■ Work request ■
Pictures stay out of the answer, but every line of the material must be restated exactly.

■ Extracted records ■

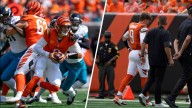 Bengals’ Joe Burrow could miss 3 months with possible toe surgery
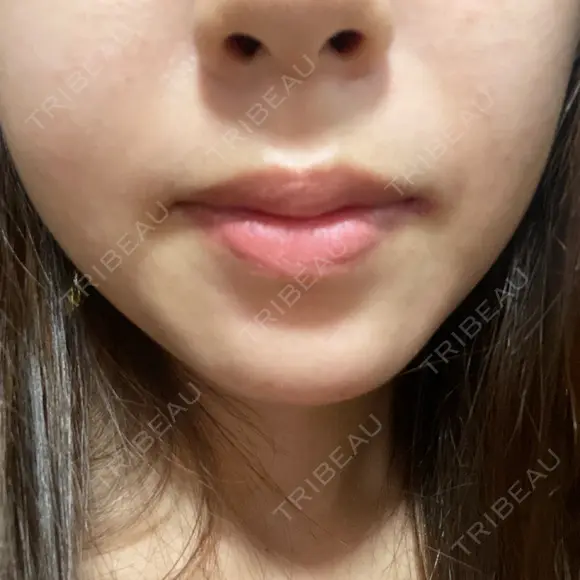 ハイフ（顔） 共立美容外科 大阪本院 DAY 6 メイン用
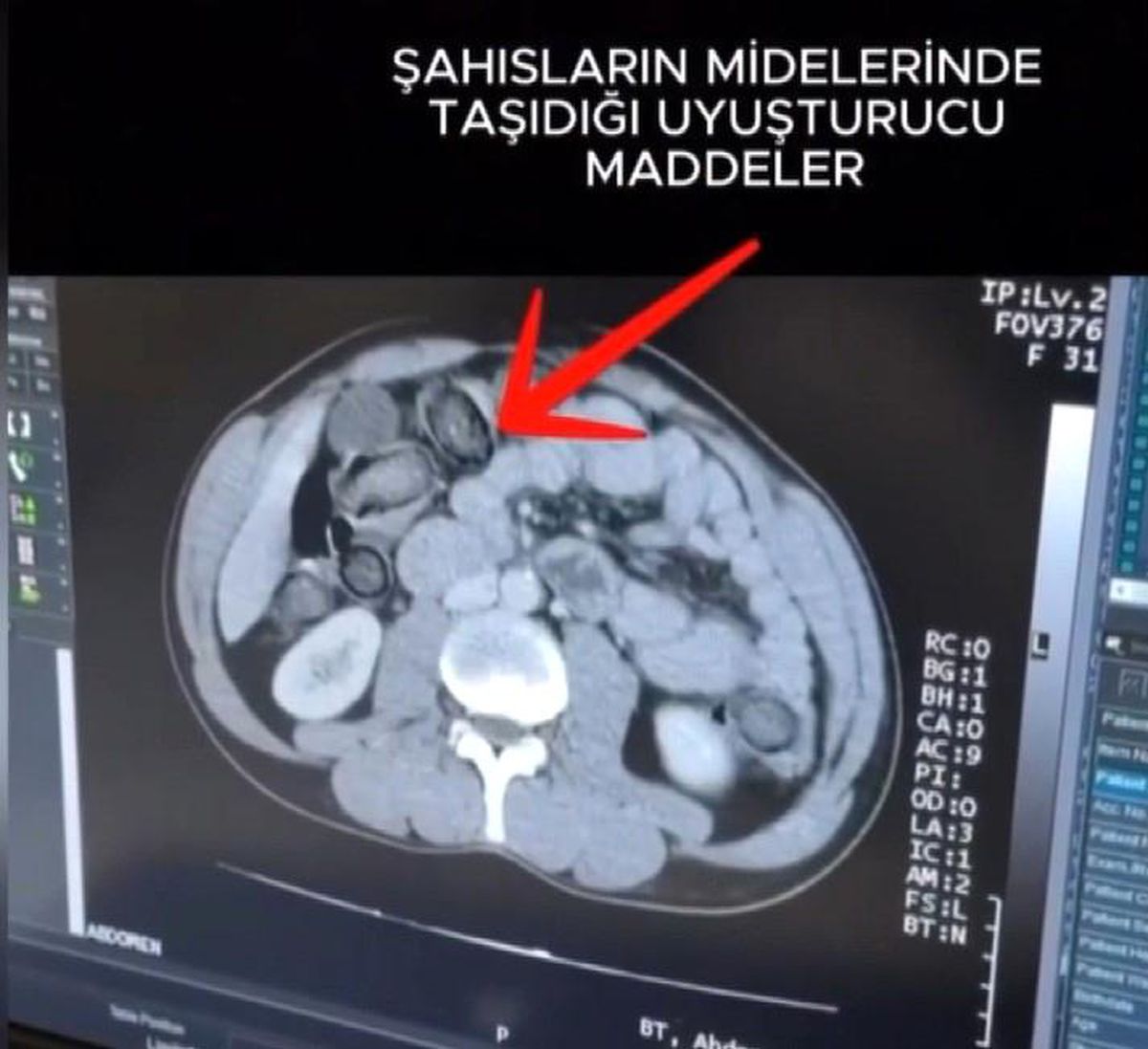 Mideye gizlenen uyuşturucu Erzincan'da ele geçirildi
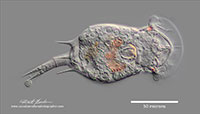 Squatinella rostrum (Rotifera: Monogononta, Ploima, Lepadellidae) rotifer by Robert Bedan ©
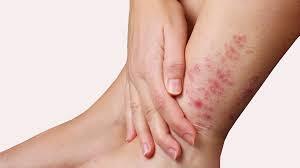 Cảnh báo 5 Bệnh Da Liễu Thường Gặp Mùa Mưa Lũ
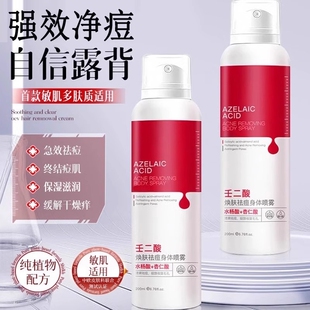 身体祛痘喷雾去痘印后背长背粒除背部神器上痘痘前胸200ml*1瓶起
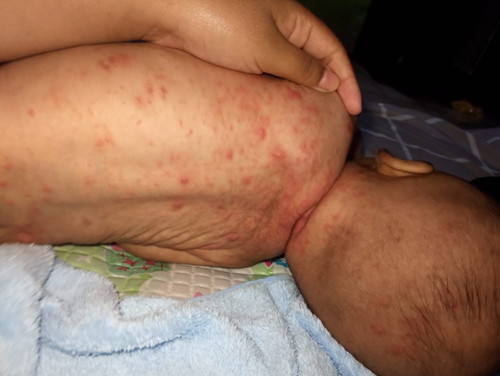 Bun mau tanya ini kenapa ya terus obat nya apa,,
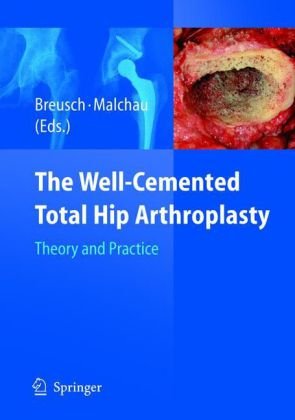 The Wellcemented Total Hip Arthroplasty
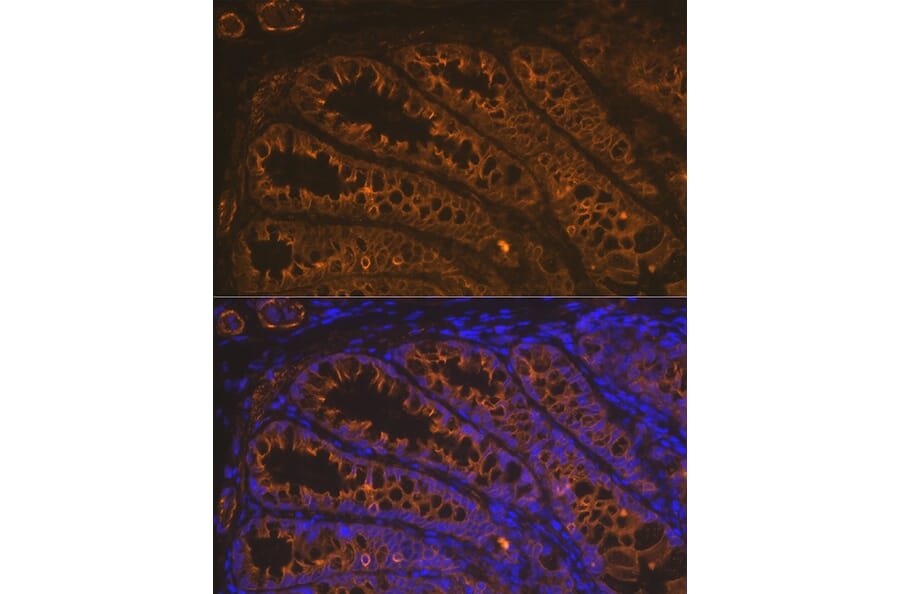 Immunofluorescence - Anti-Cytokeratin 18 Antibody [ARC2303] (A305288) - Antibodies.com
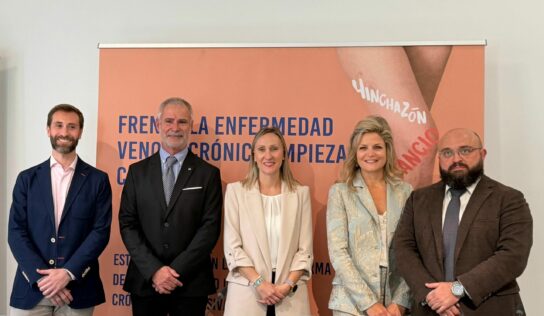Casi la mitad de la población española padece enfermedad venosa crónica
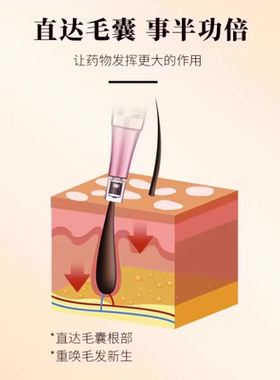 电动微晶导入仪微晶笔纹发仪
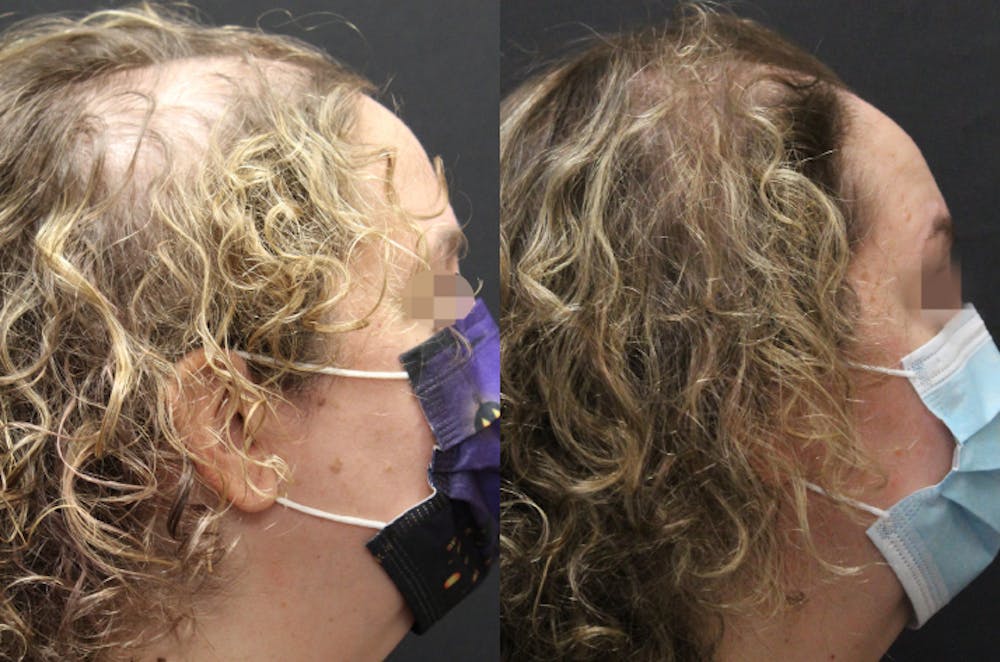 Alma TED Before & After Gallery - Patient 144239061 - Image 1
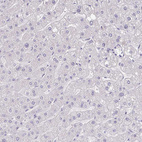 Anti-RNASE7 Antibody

■ Answer to this exercise ■
 Bengals’ Joe Burrow could miss 3 months with possible toe surgery
 ハイフ（顔） 共立美容外科 大阪本院 DAY 6 メイン用
 Mideye gizlenen uyuşturucu Erzincan'da ele geçirildi
 Squatinella rostrum (Rotifera: Monogononta, Ploima, Lepadellidae) rotifer by Robert Bedan ©
 Cảnh báo 5 Bệnh Da Liễu Thường Gặp Mùa Mưa Lũ
 身体祛痘喷雾去痘印后背长背粒除背部神器上痘痘前胸200ml*1瓶起
 Bun mau tanya ini kenapa ya terus obat nya apa,,
 The Wellcemented Total Hip Arthroplasty
 Immunofluorescence - Anti-Cytokeratin 18 Antibody [ARC2303] (A305288) - Antibodies.com
Casi la mitad de la población española padece enfermedad venosa crónica
 电动微晶导入仪微晶笔纹发仪
 Alma TED Before & After Gallery - Patient 144239061 - Image 1
 Anti-RNASE7 Antibody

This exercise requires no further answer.